Want to learn more about Northwestern Oklahoma history and culture?

Join us at the Cherokee Strip Regional Heritage Center for our six-part lecture/workshop series, the Museum OKademy, led by Jake Krumwiede (Executive Director), Neal Matherne (Director of Education), and the CSRHC staff. These classes are aimed at both prospective volunteers and other adult learners who wish to broaden their knowledge base about the history of our area and the materials from which we learn.

Reserve your spot for the first class below or email neal.matherne@history.ok.gov for more information. Attendance is limited so please contact us as soon as possible. Classes are free with regular museum admission. CSRHC members always visit free.

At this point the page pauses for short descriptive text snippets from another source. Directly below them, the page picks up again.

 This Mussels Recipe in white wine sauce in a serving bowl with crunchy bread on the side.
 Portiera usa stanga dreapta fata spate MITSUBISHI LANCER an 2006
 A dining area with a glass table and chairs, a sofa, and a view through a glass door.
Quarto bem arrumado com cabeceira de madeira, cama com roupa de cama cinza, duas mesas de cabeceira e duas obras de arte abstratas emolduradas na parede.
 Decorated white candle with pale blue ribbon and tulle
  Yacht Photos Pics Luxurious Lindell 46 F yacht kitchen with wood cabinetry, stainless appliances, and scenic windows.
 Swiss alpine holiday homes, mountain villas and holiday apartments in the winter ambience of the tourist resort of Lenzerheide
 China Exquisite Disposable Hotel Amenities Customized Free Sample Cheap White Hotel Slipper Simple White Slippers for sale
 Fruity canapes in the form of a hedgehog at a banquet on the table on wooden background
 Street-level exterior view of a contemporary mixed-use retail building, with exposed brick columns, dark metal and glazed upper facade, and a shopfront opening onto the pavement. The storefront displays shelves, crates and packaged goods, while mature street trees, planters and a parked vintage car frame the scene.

Interested? Register below!

Class Schedule

Meeting One: Saturday, January 21

9 am – Part One: “What is a Museum?” (Museum Volunteer Training Class)

Learn the basics of how modern museums work, and a little bit of history about the Cherokee Strip Regional Heritage Center.

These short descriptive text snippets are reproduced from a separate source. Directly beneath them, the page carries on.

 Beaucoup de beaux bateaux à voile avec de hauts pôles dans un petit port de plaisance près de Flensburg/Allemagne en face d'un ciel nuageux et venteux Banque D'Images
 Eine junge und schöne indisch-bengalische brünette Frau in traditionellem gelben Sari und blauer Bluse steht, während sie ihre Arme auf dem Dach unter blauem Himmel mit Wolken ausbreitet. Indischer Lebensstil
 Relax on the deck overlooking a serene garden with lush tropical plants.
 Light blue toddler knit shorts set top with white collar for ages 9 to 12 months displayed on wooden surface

10 am – Part Two: “Before the Land Run of 1893” (Historical Lecture)

The history of this area didn’t start with the Land Run of 1893! This lecture focuses on the vast histories of the region before it was opened for public settlement.

Meeting Two: Saturday, February 4

9 am – Part One: “Museum Collections” (Museum Volunteer Training Class)

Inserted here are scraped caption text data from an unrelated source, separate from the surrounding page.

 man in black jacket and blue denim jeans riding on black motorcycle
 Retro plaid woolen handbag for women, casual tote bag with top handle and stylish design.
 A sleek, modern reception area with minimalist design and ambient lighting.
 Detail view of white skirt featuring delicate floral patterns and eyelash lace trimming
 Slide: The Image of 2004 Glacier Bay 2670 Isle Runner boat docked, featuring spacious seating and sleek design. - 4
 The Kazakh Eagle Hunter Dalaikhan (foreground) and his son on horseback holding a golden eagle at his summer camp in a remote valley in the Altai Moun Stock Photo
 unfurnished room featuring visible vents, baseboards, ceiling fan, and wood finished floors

Learn about how and why museums collect what they do, with a behind-the-scenes look at the Cherokee Strip Regional Heritage Center’s collection.

10 am – Part Two: “Oklahoma Territory and Statehood” (Historical Lecture)

Oklahoma’s path to statehood is an interesting one! This lecture focuses on stories from the region that fall within the state’s territorial history.

Meeting Three: Saturday, February 18

9 am – Part One: “Archives and Research Libraries” (Museum Volunteer Training Class)

Not all museum collections are the same! Learn more about museum archives and research libraries, and how they are different from museum artifact collections and lending libraries, with a behind-the-scenes look at the Cherokee Strip Regional Heritage Center’s research center.

10 am – Part Two: “The Economies of Northwestern Oklahoma” (Historical Lecture)

Many different industries made up the historical region known as the Cherokee Outlet. This lecture provides a general overview of major industries in the area, with some detail into some of the more interesting stories of commerce in northwestern Oklahoma.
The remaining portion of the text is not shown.